My friends of color often laugh at me when they hear me talking to my white friends because I speak differently. I do.
This is not news to me, because ever since I moved to this country I have been told “You speak like a white person”. It did take me a while to understand what that meant, because coming from Italy, where MOST, of my friends were white, I talked like everyone else around me.
However, when I moved to the US, to Newark, a predominantly black community, I came upon the realization that I did speak differently. The combination of a very thick accent, learning new slang, and speaking “dictionary english”, and I guess just my tone, made me sound differently than my classmates, but I never thought of it as speaking “white”.

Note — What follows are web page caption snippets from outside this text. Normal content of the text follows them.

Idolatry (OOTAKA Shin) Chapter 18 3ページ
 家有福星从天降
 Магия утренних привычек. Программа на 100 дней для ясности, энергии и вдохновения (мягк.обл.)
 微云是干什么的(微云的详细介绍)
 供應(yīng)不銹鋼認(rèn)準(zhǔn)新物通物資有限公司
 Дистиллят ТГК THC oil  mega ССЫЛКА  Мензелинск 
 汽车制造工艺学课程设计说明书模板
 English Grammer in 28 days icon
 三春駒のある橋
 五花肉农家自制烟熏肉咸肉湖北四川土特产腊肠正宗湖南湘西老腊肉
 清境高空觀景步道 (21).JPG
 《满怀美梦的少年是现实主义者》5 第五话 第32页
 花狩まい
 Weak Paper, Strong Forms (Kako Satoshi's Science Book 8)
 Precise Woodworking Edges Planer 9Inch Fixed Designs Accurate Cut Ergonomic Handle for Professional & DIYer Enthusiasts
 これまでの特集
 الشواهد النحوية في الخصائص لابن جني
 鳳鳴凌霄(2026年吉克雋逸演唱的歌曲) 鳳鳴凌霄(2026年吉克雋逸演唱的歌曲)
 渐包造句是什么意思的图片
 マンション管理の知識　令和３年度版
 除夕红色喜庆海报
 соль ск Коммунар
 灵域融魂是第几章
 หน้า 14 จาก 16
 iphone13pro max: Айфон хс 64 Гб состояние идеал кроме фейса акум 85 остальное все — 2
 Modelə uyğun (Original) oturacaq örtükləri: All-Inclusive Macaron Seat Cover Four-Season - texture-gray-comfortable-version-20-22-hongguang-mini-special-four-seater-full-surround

As time went on, understanding the system and racial issues of this country made me realize that I do speak differently. Differently in the sense that the way speak tends to be associated with a certain race. There is not necessarily a good way of speaking, because as Jay-Z said “intelligence is not attributed to color”, but there are different perceptions of a person’s tone and choice of words that are attributed to certain groups of people. People are and judged treated differently based on the notion of whether they sound white or black. Several people I know put on their “white voices” when speaking on the phone, because you are more likely to get listened to if you sound white. People respect you more when you speak “white”. I could never and still can’t believe this is a reality. It baffles me how oppressive this is. The implicit meaning of how “white” equals more intelligent, worthy of your attention.
Personally I have tried speaking more of what is considered as a “black person” because I wanted to feel part of my people and did not want it to seem like I was agreeing with problematic views. I was told that I didn’t sound right and that’s right because I just sound like me, accent and all. Yet, over the years, I guess unconsciously I have assimilated to speaking differently depending on the type of people I am surrounded by. Even though I am aware of this, I do not even realize that I am doing so, until it’s pointed out to me. This behavior has become natural to me, and I wonder why? Is it to fit in? To feel more included or accepted within the race I am surrounded by? Is it just a behavior which I have learned to better adapt?
To be honest, this entire notion of a way of speech being associated to a race is ridiculous to me, however I do recognize that it is real social matter.